Looks good! We can use this to build our training data. Recall that the labels need to be a list or array of integers that's the same length as the input sequence. We're going to use 0 to indicate residues without any annotated structure, 1 for residues in an alpha helix, and 2 for residues in a beta strand. To build that, we'll start with an array of all 0s, and then fill in values based on the positions that our regex pulls out of the UniProt results.
We'll use NumPy arrays rather than lists here, since these allow slice assignment, which will be a lot simpler than editing a list of integers. Note also that UniProt annotates residues starting from 1 (unlike Python, which starts from 0), and region annotations are inclusive (so 1..3 means residues 1, 2 and 3). To turn these into Python slices, we subtract 1 from the start of each annotation, but not the end.

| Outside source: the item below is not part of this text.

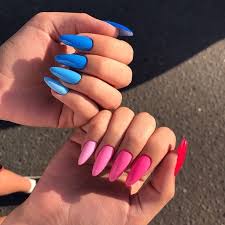 Cabelos tingidos em tons pastel são uma tendência há algumas temporadas. Unhas Coloridas 2020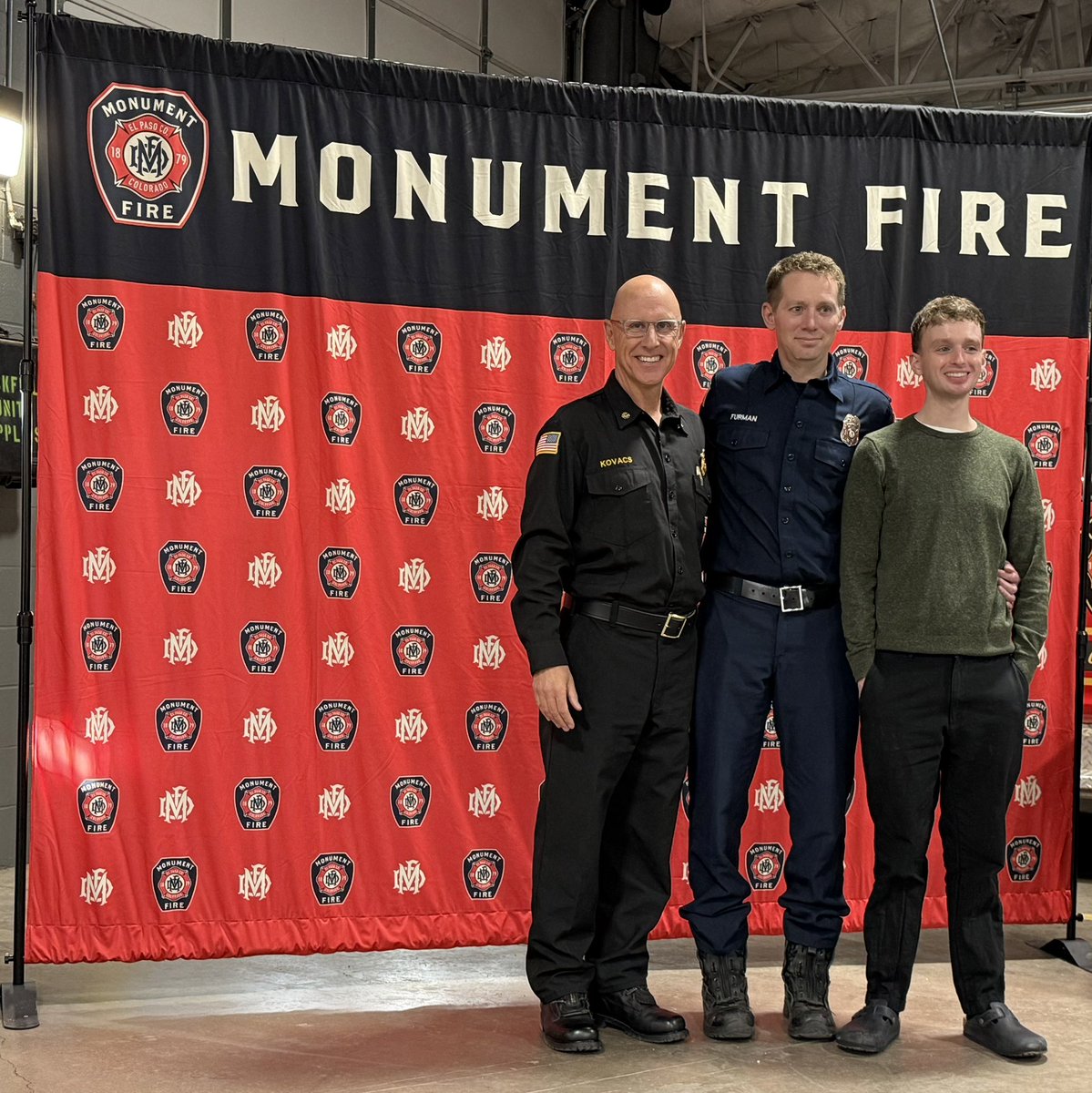 MonumentFire tweet media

Now we've defined a helper function, let's build our lists of sequences and labels:
Creating our dataset
Nice! Now we'll split and tokenize the data, and then create datasets - I'll go through this quite quickly here, since it's identical to how we did it in the sequence classification example above.
Model loading
The key difference here with the above example is that we use AutoModelForTokenClassification instead of AutoModelForSequenceClassification. We will also need a data_collator this time, as we're in the slightly more complex case where both inputs and labels must be padded in each batch.
Now we set up our TrainingArguments as before.
Our compute_metrics function is a bit more complex than in the sequence classification task, as we need to ignore padding tokens (those where the label is -100).
And now we're ready to train our model!
This definitely seems harder than the first task, but we still attain a very respectable accuracy. Remember that to keep this demo lightweight, we used one of the smallest ESM models, focused on human proteins only and didn't put a lot of work into making sure we only included completely-annotated proteins in our training set. With a bigger model and a cleaner, broader training set, accuracy on this task could definitely go a lot higher!